Solanesol protects human hepatic L02 cells from ethanol-induced oxidative injury via upregulation of HO-1 and Hsp70

• Solanesol induces HO-1 and Hsp70 expression which activate Nrf2 and HSF1.
• Solanesol induces Nrf2 by enhancement of Keap1 interaction with Hsp90.
• Solanesol-activated HSF1 is involved in chaperones interaction.
• Solanesol inhibits LDH, AST, MDA and ROS level, but increases the GSH level.
• Solanesol promotes tBHQ-mediated protective effects.

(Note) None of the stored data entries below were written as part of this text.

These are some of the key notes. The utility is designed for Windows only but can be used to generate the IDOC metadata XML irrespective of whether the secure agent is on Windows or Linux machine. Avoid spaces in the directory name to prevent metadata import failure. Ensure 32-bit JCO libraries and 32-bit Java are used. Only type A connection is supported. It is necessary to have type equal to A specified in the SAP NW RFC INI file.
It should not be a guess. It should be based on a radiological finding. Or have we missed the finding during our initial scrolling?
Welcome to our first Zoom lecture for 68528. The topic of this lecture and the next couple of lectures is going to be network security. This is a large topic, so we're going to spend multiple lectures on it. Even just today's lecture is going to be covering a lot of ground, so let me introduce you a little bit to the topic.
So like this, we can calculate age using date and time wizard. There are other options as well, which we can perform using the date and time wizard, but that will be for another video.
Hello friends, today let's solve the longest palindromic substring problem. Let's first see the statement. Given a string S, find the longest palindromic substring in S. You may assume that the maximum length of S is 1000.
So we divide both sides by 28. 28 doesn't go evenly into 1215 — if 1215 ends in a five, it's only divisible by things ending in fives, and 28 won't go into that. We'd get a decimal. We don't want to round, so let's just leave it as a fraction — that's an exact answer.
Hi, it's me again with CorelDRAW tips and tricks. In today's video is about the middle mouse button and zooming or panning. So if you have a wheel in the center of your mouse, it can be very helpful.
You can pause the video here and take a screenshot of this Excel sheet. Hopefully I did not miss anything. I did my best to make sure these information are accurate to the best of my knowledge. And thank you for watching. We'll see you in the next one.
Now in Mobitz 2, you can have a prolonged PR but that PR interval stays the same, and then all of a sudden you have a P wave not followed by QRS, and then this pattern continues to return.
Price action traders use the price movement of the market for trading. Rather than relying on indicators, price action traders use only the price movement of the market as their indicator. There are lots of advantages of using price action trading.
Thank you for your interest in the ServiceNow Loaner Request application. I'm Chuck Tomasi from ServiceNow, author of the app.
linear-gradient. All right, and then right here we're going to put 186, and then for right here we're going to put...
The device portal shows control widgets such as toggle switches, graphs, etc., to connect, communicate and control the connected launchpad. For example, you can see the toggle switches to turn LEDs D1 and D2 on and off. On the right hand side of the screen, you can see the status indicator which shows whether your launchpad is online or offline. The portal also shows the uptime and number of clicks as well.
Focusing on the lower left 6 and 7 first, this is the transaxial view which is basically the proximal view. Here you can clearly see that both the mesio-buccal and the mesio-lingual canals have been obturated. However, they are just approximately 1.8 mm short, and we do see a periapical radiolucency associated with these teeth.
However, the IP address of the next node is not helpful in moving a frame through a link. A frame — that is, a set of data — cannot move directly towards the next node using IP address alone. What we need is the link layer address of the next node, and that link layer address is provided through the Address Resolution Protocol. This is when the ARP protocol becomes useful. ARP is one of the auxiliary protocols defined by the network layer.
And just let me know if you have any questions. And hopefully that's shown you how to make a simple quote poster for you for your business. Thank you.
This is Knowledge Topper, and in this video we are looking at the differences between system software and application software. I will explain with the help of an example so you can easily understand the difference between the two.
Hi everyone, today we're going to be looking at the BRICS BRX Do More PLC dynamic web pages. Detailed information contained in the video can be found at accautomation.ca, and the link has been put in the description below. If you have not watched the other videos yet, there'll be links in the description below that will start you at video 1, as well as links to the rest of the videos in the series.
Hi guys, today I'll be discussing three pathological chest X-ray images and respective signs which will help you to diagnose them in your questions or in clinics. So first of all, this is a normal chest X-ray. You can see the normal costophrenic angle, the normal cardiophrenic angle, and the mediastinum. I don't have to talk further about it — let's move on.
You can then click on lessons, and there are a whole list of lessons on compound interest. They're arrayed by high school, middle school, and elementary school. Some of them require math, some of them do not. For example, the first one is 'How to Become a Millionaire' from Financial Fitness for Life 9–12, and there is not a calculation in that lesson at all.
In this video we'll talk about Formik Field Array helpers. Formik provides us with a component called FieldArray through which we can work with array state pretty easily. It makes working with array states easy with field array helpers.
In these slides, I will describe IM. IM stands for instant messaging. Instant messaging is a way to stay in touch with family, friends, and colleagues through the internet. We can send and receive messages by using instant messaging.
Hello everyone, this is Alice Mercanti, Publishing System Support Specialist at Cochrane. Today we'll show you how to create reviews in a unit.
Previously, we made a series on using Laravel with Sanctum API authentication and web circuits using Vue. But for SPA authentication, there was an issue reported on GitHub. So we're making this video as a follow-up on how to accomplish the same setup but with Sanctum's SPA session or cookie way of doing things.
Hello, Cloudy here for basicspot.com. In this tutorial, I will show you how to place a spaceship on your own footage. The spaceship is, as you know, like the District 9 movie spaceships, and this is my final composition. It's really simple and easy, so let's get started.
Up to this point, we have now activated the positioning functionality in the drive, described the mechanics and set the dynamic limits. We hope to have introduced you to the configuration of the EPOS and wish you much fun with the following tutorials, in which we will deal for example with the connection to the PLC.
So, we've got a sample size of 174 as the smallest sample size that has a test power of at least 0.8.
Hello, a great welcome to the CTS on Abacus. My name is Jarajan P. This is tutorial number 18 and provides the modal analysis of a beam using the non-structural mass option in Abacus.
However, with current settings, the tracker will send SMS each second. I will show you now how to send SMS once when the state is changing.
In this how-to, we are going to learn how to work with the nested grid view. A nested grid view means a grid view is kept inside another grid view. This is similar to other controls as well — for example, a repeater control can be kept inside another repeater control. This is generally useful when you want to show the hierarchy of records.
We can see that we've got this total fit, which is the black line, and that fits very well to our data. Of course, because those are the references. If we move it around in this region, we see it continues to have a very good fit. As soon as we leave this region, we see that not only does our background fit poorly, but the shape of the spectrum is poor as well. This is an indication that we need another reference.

In present study, we showed that the mRNA and protein levels of HO-1 and Hsp70 in solanesol-treated L02 cells were significantly increased. The induction of the HO-1 by solanesol is majorly achieved via enhancing the nuclear translocation and transactivity of Nrf2 through enhancement of Hsp90–Keap1 interaction, while solanesol-elevated Hsp70 is related with promoting the nuclear translocation of HSF1 through the involvement of chaperones interaction. Furthermore, the induction of HO-1 and Hsp70 by solanesol could protect against ethanol-induced liver injury, including significantly suppressing the elevation of the activities of LDH and AST, attenuating ethanol-induced increase of the MDA, ROS level and decrease of the GSH level. Moreover, solanesol also suppressed ethanol-induced apoptosis of L02 cells by inhibition of nuclear morphological damage, procaspase 3 and cleavage of caspase 3 and PARP, suggesting solanesol may be beneficial against ALD. Solanesol also promoted tBHQ-mediated protective effects. However, treatment cells with SnPP or PES markedly abrogated the protective effects of solanesol on ethanol-induced cell injury. These results strongly suggested that solanesol could protect ethanol-induced L02 cell damage, which might be attributed to the activation of HO-1 and Hsp70.